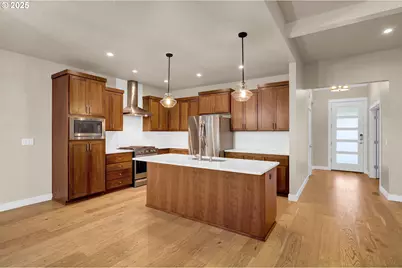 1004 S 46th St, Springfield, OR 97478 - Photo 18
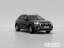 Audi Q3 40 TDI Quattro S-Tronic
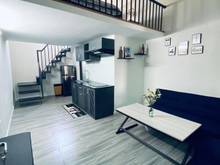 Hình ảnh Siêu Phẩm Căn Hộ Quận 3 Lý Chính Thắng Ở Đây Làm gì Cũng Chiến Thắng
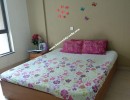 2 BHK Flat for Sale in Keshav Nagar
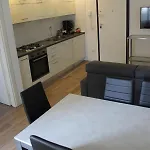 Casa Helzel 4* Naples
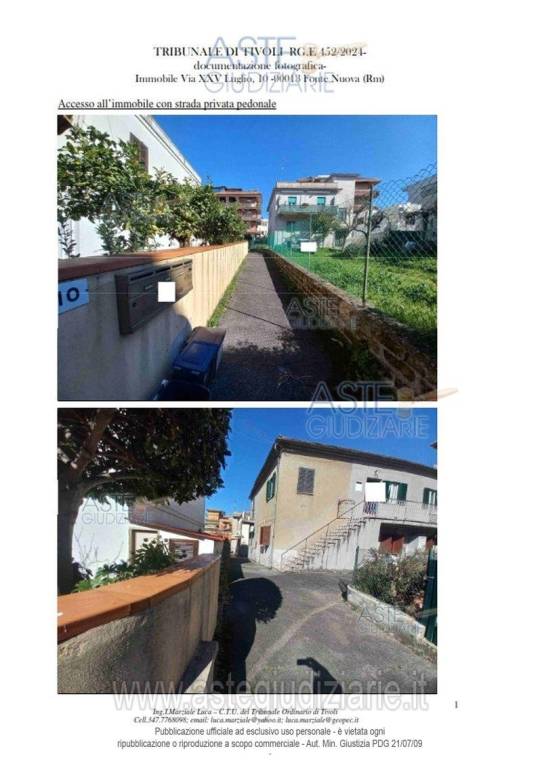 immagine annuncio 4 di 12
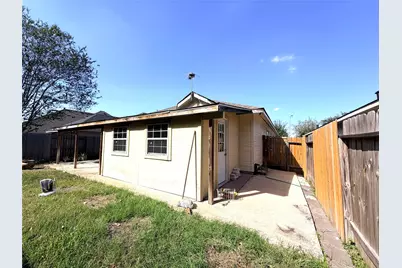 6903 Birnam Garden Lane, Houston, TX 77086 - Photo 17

+===+

* _TASK DIRECTIONS_:
From the line containing "2 BHK Flat for Sale in Keshav Nagar" down to the final line of the records above, restate every line word for word, add nothing, and skip the pictures.

* _OUTPUT OF THE TASK_:
 2 BHK Flat for Sale in Keshav Nagar
 Casa Helzel 4* Naples
 immagine annuncio 4 di 12
 6903 Birnam Garden Lane, Houston, TX 77086 - Photo 17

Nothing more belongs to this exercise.